Robert South once said, “An Aristotle is but the wreck of an Adam, and Athens is but the rubbish of an Eden.” Pascal speaking about man said that he was the glory and shame of the universe. The problem with modern man is his unregeneracy rendering his thoughts about God about sin, about redemption perverse. He cannot see the fall as the explanation of modern man’s dilemma. His ideas about sin prove this. Reinhold Nebor once said that modern man has an essentially easy conscious, and that I think is true, and sin must be known in order to be overthrown. Instead of the true attitude, men try to cover up their sin. Ultimately wrapping themselves in the vesture of the apostles and the mantle of the Messiah himself, for the man of sin the antichrist who shall come shall set him forth as just that.

In other words the epitome of cunning hypocrisy characterizes man’s attitude toward his sin. Ansalm once said, “You have not yet considered how great the weight of sin is.” We need that.

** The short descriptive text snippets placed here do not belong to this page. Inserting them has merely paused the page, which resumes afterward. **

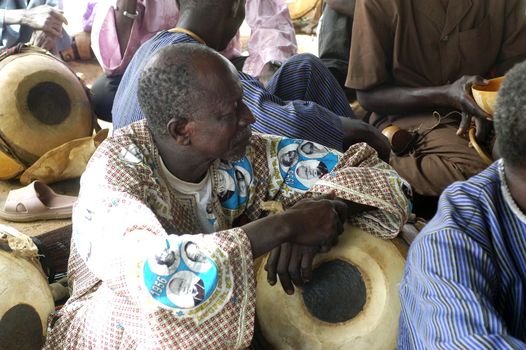 The festival of establishment of a usual chief in Burkina Faso Faso lasts three days. The usual chief succeeds his father deceased, it is always the groin of the family and always a man. It is a very rare event because a chief can be replaced only after his death. During establishment it is the festival and all the area is invited. This festival occurs to Kokemnour�, small village in the East of Burkina Faso Faso in the province of Kouritanga. These three days are punctuated of dance, meal and especially of traditional ceremonies African. The Chief is the King and can be established only by chiefs more important than him.                                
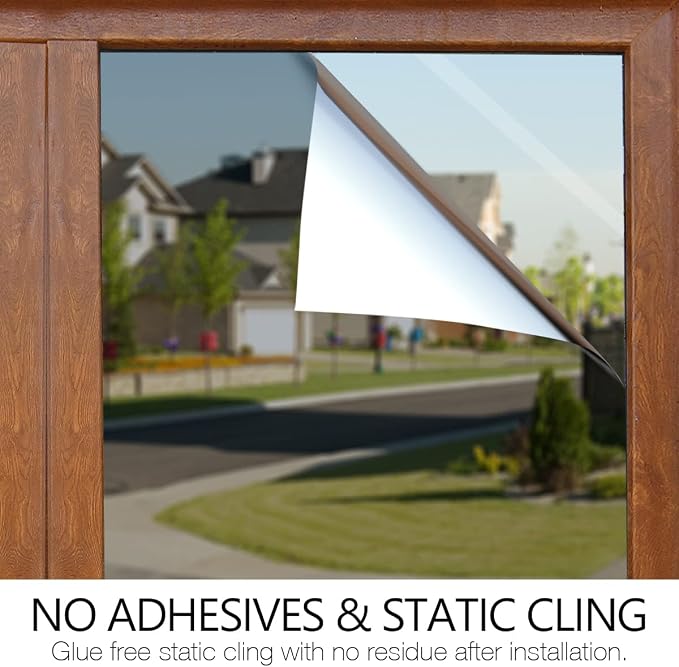 STATINT Privacy Window Film One Way Mirror Glass Tint Heat Control Sun UV - Image 8
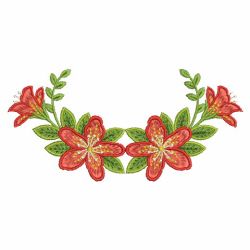 Red Azaleas 11(Md) machine embroidery designs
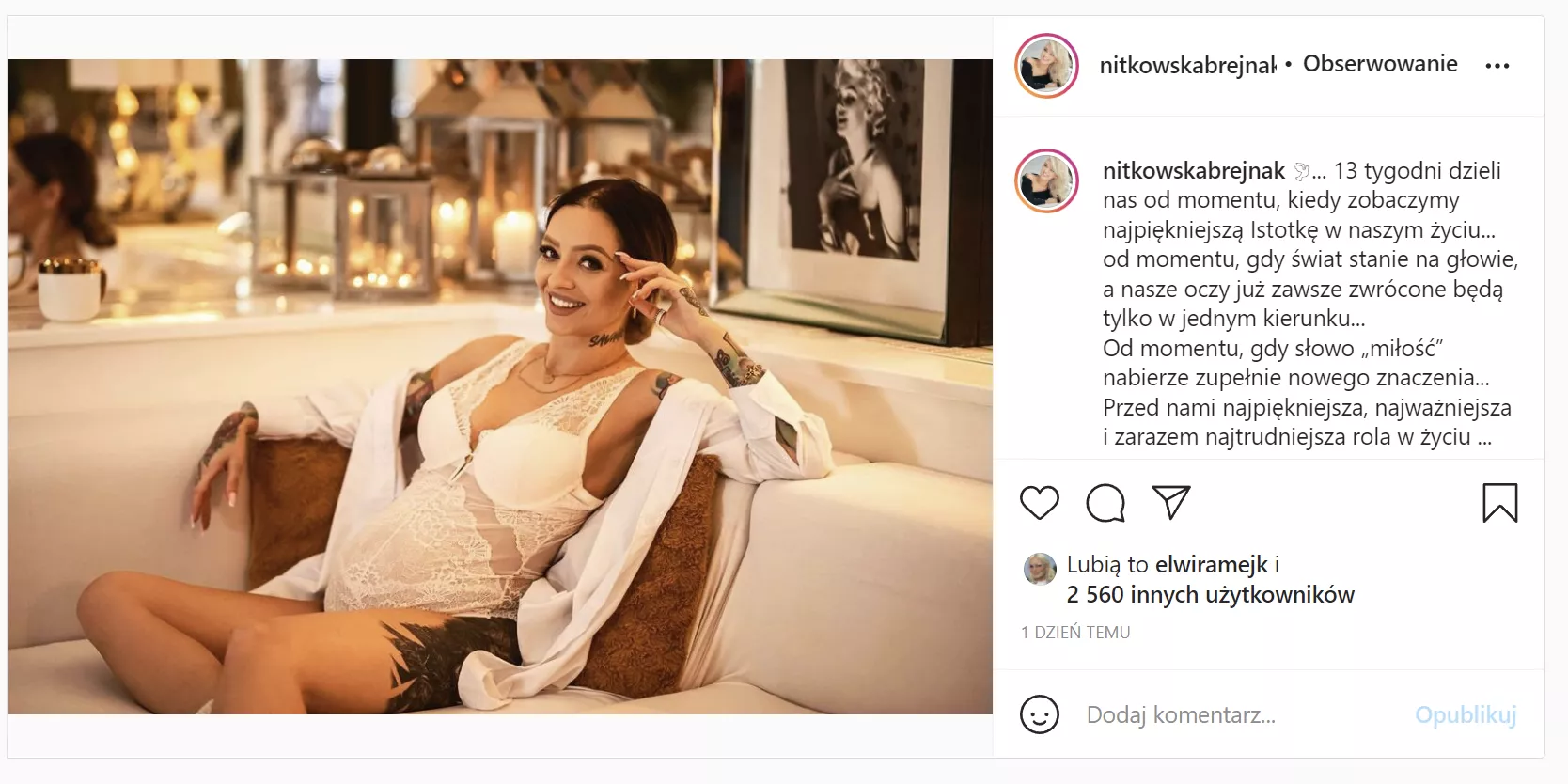 Radosna nowina! Uwielbiana artystka z branży disco polo w ciąży! Olga Nitkowska-Brejnak pokazała zaokrąglony brzuszek! 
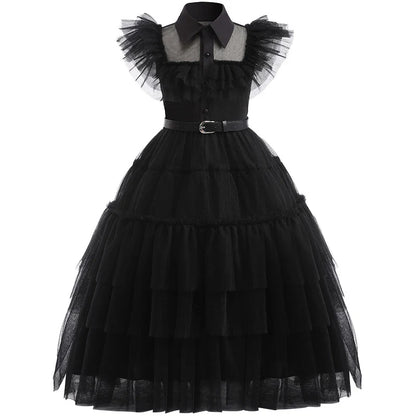 Mädchen Kostüm Halloween Kostüm Cosplay Kleid Prinzessinnen Kleid 4-Teiliges Set - Image 5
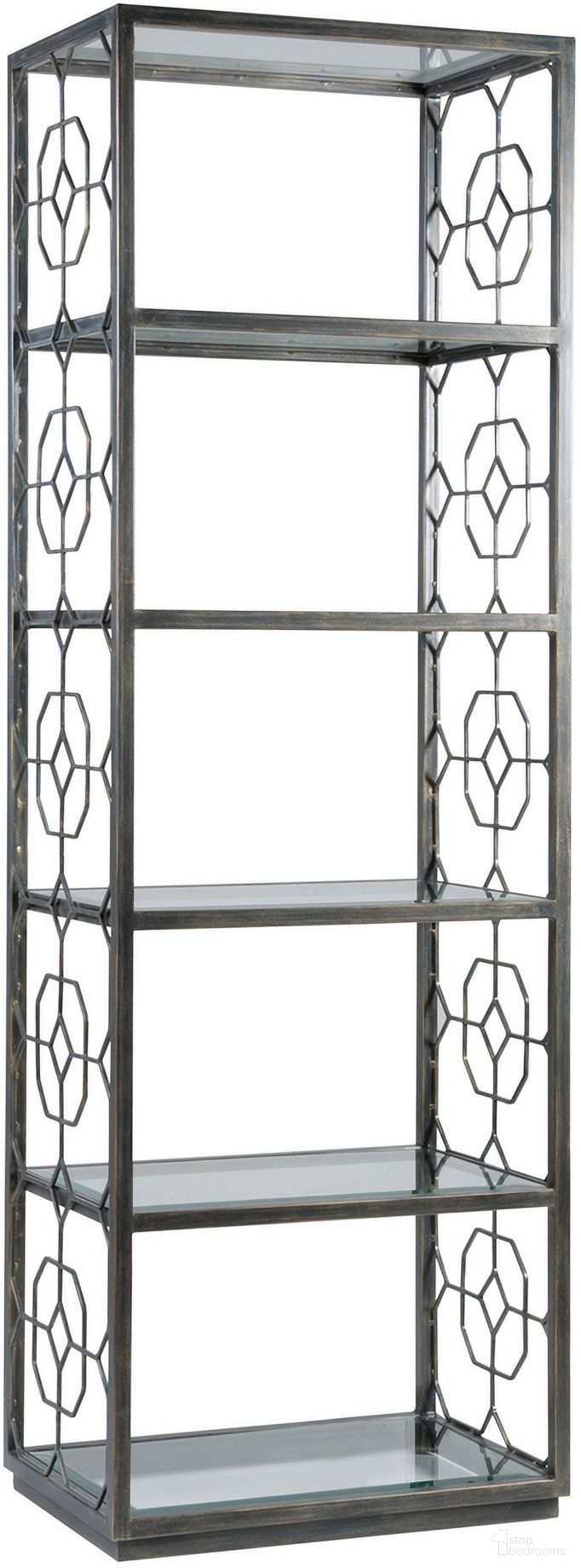 The appearance of Metal Designs Honeycomb Slim Etagere In St. Laurent designed by Artistica Home in the industrial interior design. This st. laurent piece of furniture was selected by 1StopBedrooms from Metal Designs Collection to add a touch of cosiness and style into your home. Sku: 2056-990-44. Material: Metal.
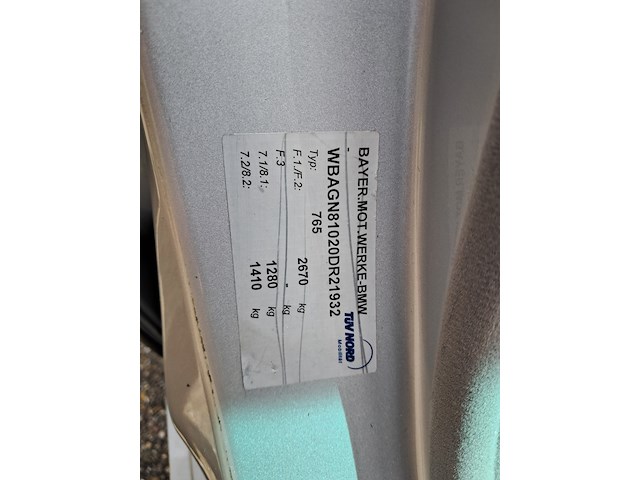 Personenauto, bmw, 7-serie, 760li, grijs, 2003 - afbeelding 48 van  80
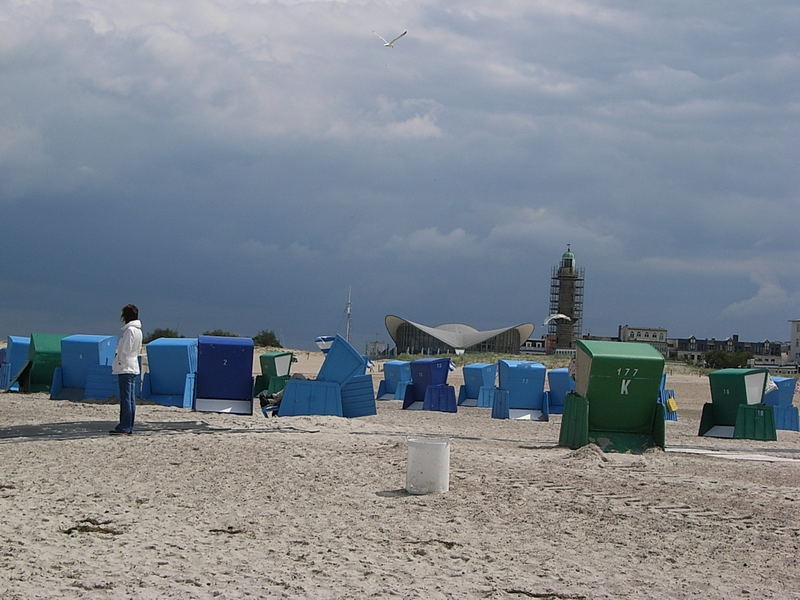 Am Strand von Warnemünde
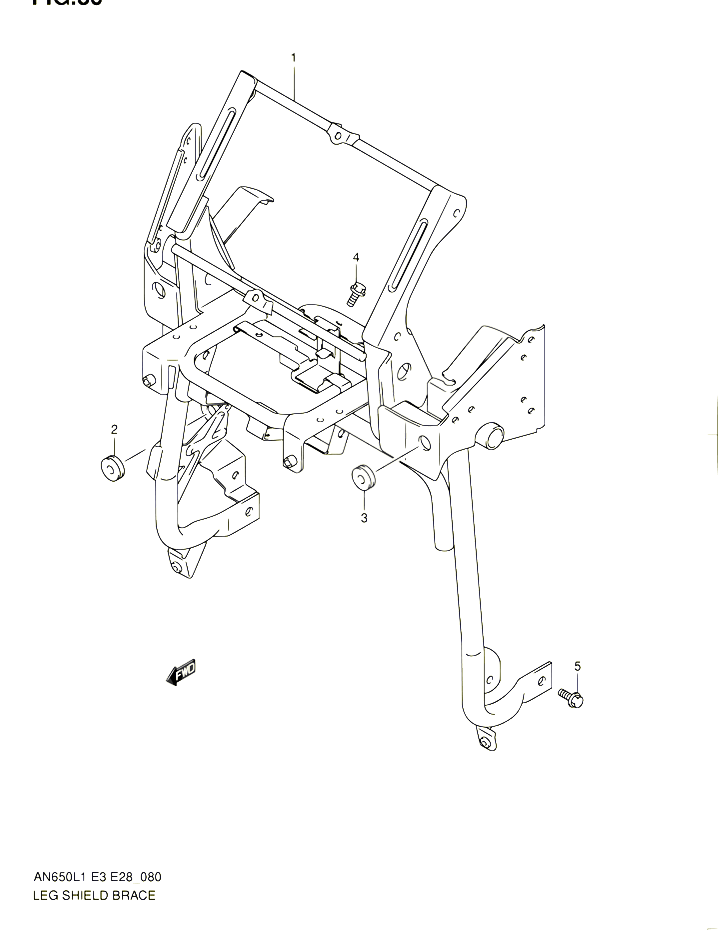 SUPPORT MARCHE PIEDS AN650AL1 E28 POUR SUZUKI BURGMAN 650 2011 POUR SUZUKI BURGMANAN650 L1 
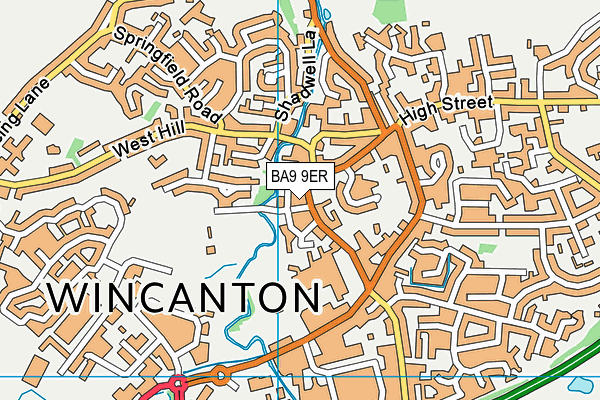 BA9 9ER map - OS VectorMap District (Ordnance Survey)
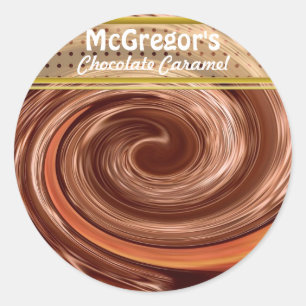 Etiket Chocolade Caramel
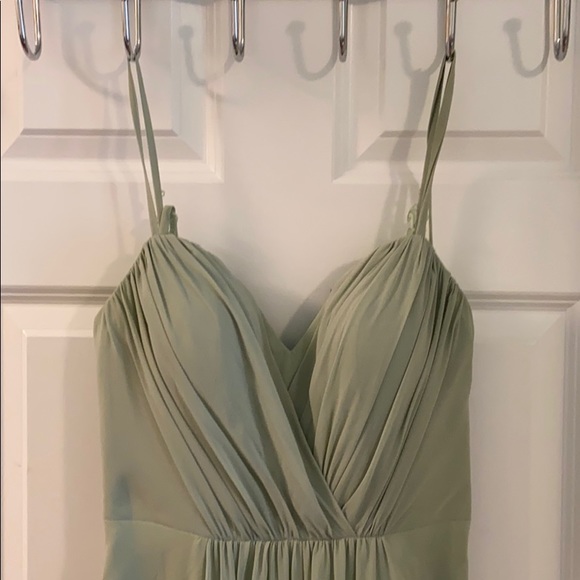 Azazie Lexy Sage Green Dress - Picture 4 of 6
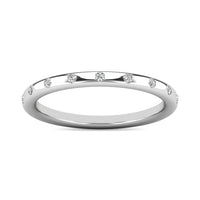 Thumbnail for Diamond 1/10 ct tw Stackable Ring in 14K White Gold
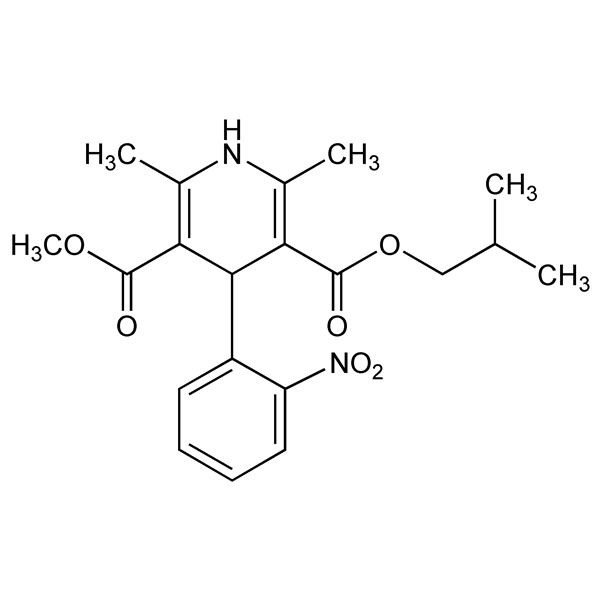 Graphical representation of Nisoldipine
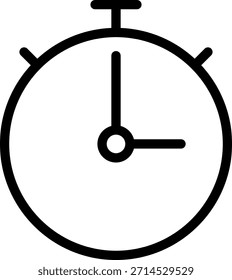 ícone de linha de cronômetro vetor de ilustração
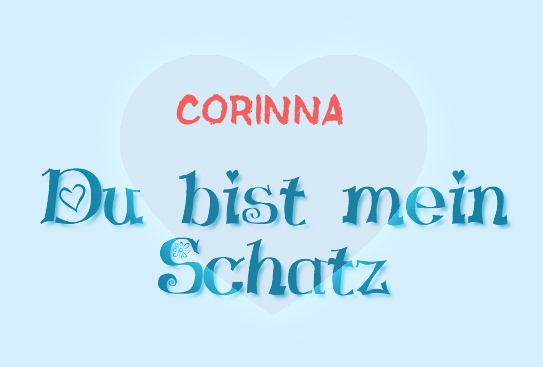 Corinna - Du bist mein Schatz!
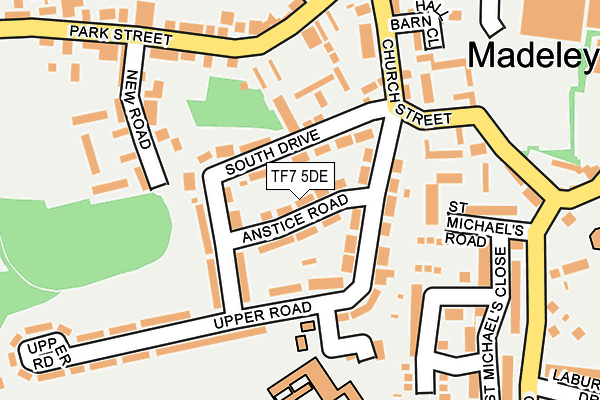 TF7 5DE map - OS OpenMap – Local (Ordnance Survey)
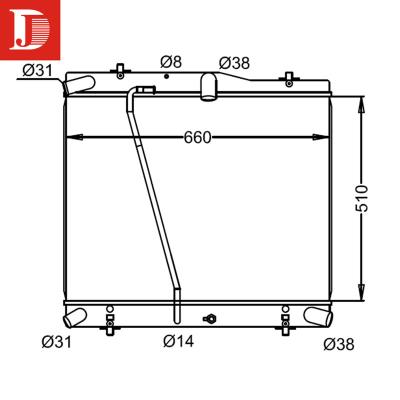 China plastic tank & Master Aluminum Silver Car Auto Cool Core Stop Leakage Radiator for sale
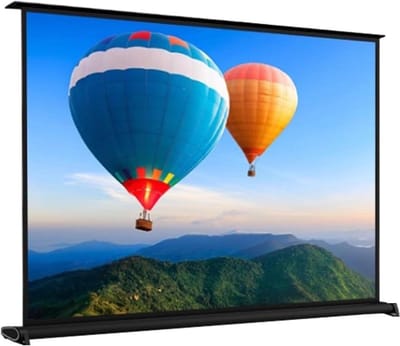 Draagbaar Projectiescherm - Intrekbaar Scherm - Thuisbioscoop - Lichtgewicht Aluminium Behuizing - 40 inch 16:9 - Wit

Now the Fall had occurred in the Garden of Eden, and as a result of that when God came down in the Garden of Eden, there was confrontation. And after the conversation had reached the critical point, the Lord God announced the sentences of death upon the serpent, upon man and upon the woman and accompanied them with other words concerning their future. The order of the address is the man first, and then the woman and then serpent, and that of course may indicate God’s view of the guilt. He may regard man as the most guilty and woman as next, and the serpent as the final one. Perhaps this is related to the fact that Adam was the representative man in the Garden of Eden and when he sinned man fell. The sentence upon the serpent is announced first in verses 14 and 15.

“The LORD God said unto the serpent, Because thou have done this, thou art cursed above all cattle, and above every beast of the field; upon thy belly shalt thou go, and dust shalt thou eat all the days of thy life: And I will put enmity between thee and the woman, and between thy seed and her seed; it shall bruise thy head, (Or crush your head the Hebrew verb suggests) and thou shalt crush his heel.”

The self-vindication of Adam and Eve ends in this three-fold judgment. It’s very striking that here poetry beings, and so sum it up the serpent is cursed, but the one who stands behind the serpent, for it’s evident that from this context that there is one who does, Satan himself is to be crushed. He says, Moses says, “The Lord God said unto the serpent.” The judgment then is upon both the reptile and upon Satan himself. One can see that from this fact, that in verse 15 he says, “I will put enmity between thee and the woman and between thy seed and her seed.” That suggests a long history of conflict between the woman’s seed and the serpent’s, seed. And the whole of the Old Testament reveals that. The New Testament in large is upon it and the history of man since the time of the Lord Jesus Christ has been a continuation of the history of the struggle between the seed of the woman seen in the coming of the Lord Jesus to be the Lord Jesus himself, ultimately and Satan and his seed.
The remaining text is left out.